- _TRY IT_:
Your answer should hold exactly the lines below from the line with "Узелковая магия. Наузы" through the line with "PRO MAX P MAX3", both included, and no pictures at all.

Brief descriptive captions:

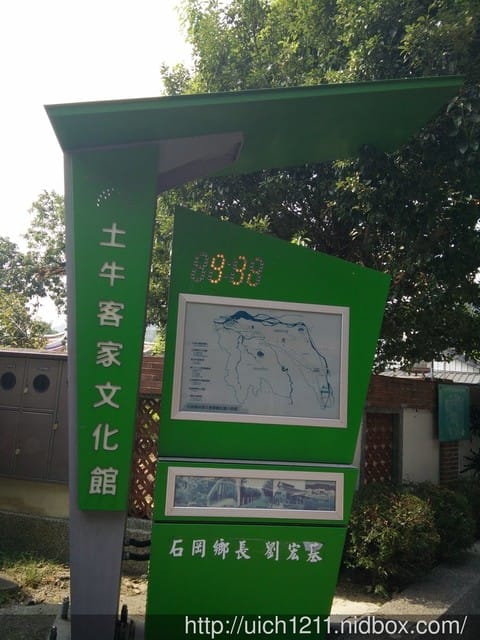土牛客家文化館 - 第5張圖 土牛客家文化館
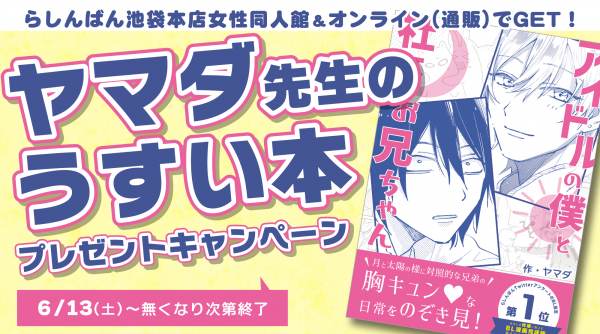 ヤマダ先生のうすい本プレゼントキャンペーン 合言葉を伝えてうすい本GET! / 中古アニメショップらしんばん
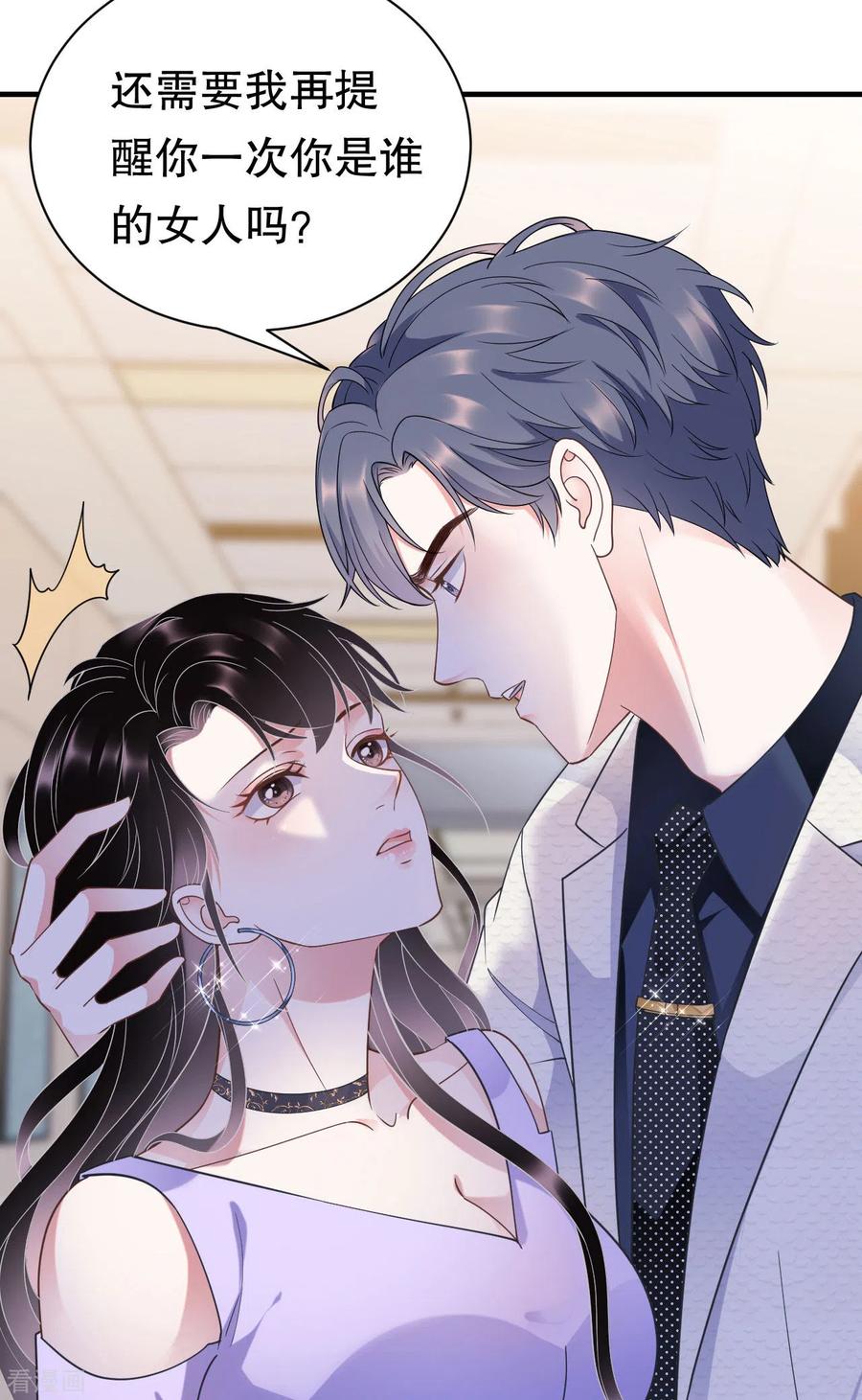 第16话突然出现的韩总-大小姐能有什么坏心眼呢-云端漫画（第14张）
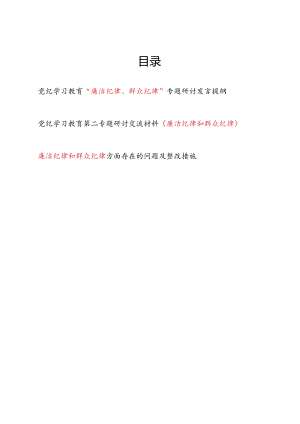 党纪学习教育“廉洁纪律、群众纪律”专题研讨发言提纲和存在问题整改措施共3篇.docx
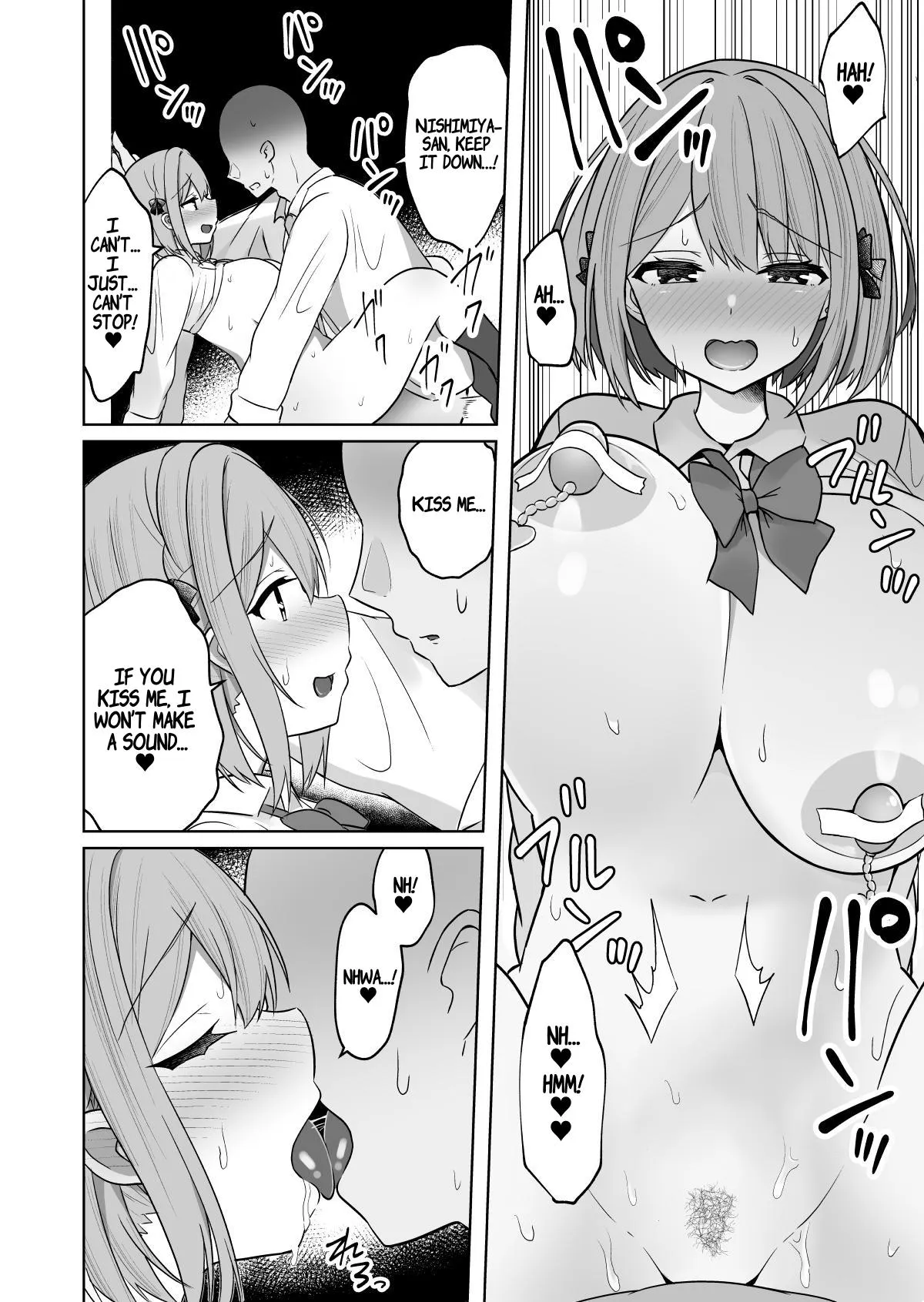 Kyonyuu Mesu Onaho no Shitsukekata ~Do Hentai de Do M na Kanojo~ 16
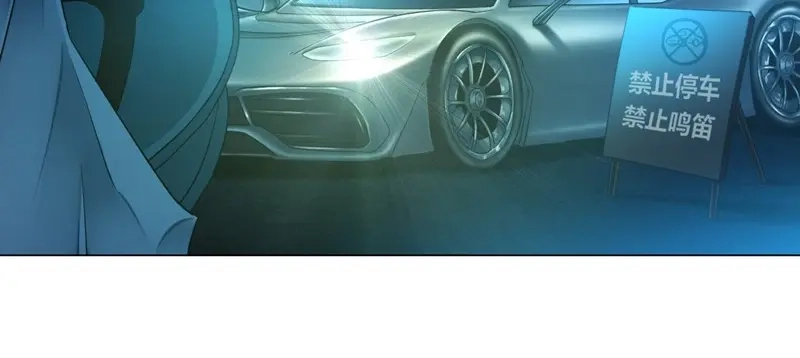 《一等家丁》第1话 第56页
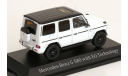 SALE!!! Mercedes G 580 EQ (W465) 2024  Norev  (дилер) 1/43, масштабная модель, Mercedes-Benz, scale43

* * *

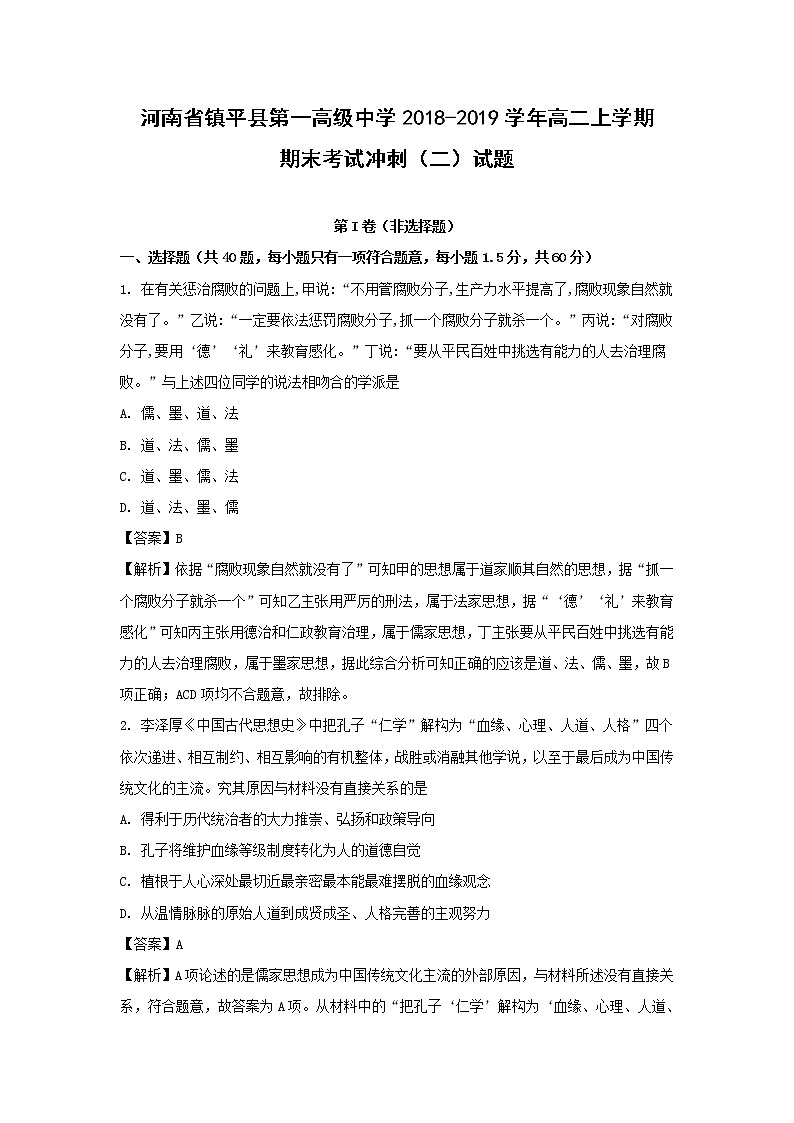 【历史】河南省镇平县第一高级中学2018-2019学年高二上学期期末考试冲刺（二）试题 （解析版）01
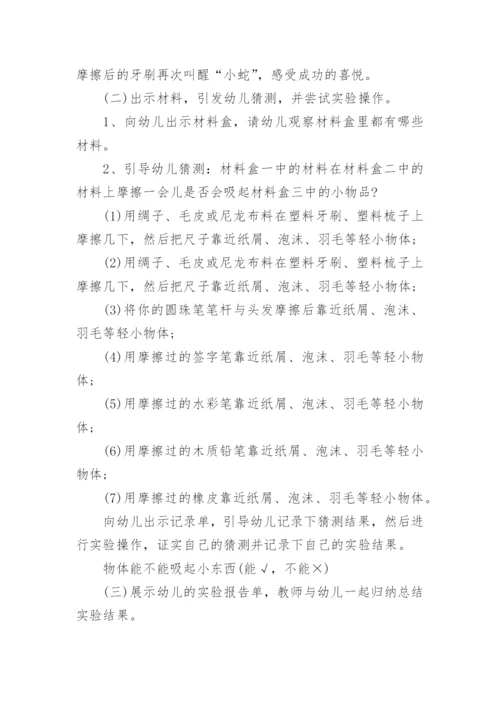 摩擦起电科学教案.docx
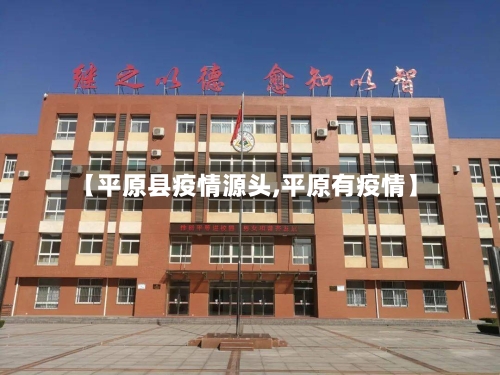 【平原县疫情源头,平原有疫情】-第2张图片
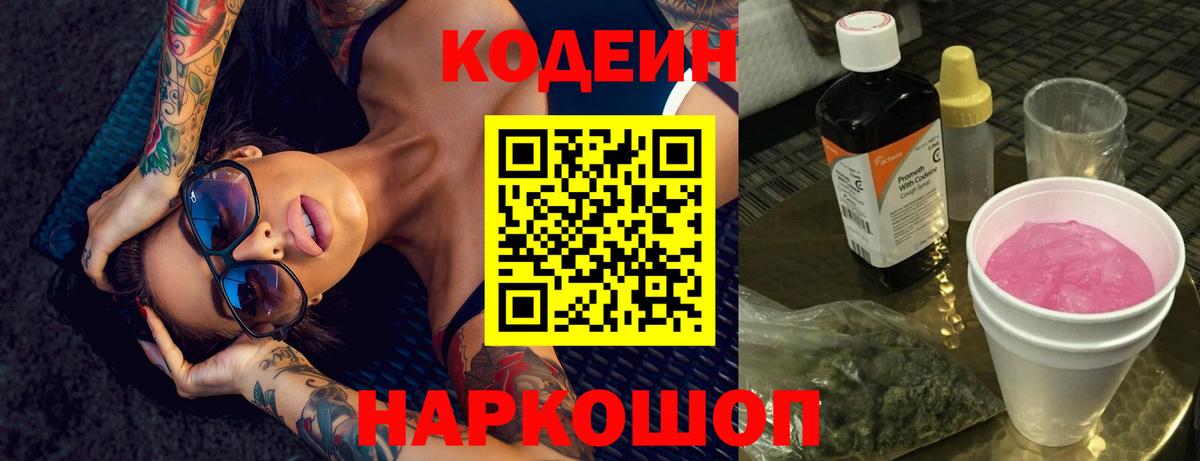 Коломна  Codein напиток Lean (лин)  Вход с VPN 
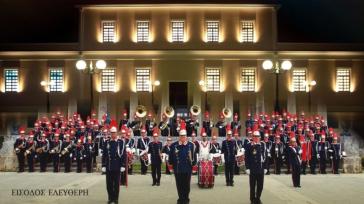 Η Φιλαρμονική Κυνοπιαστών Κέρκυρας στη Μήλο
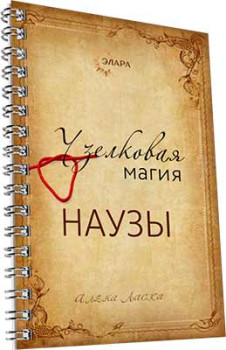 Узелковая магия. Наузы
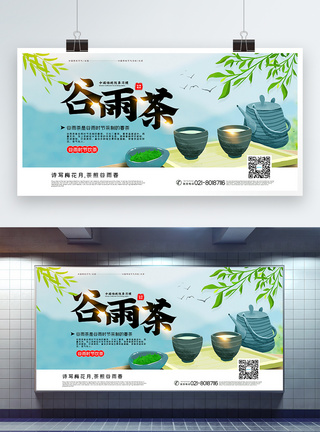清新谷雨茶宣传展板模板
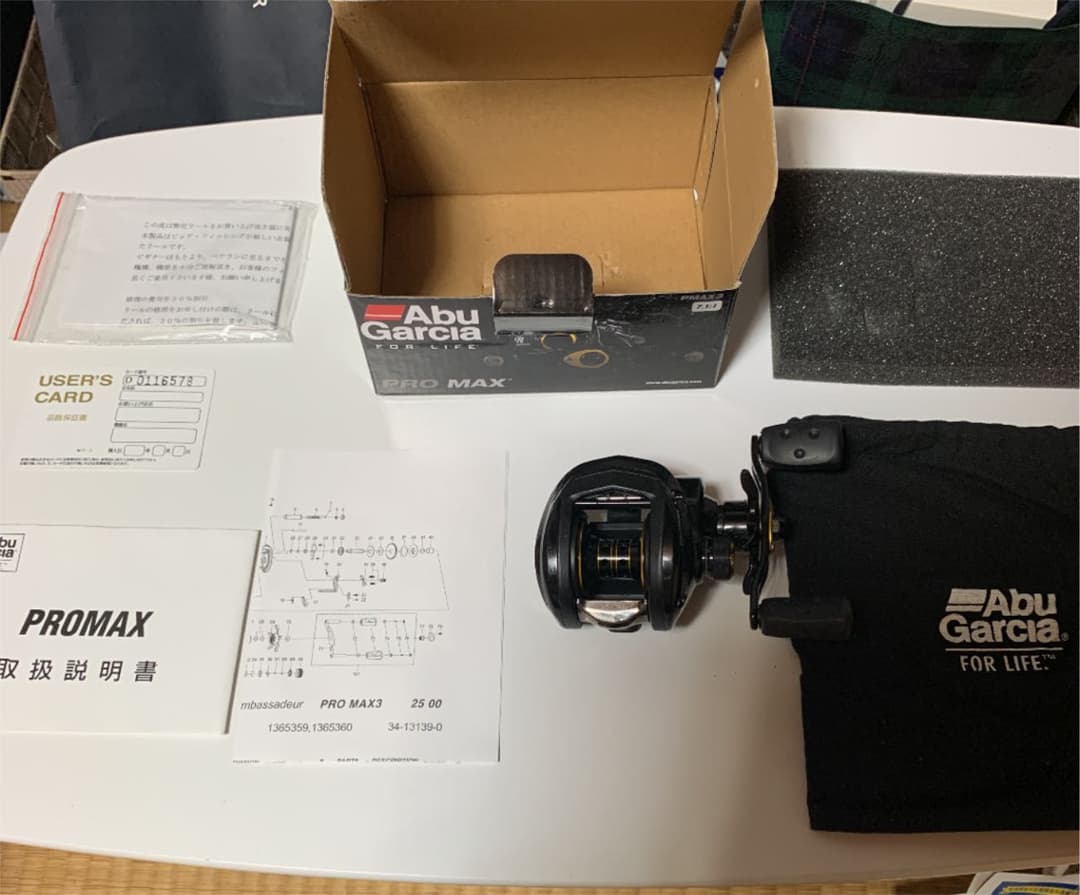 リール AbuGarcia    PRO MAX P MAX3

- _RESULT OF THIS TASK_:
 Узелковая магия. Наузы
清新谷雨茶宣传展板模板
 リール AbuGarcia    PRO MAX P MAX3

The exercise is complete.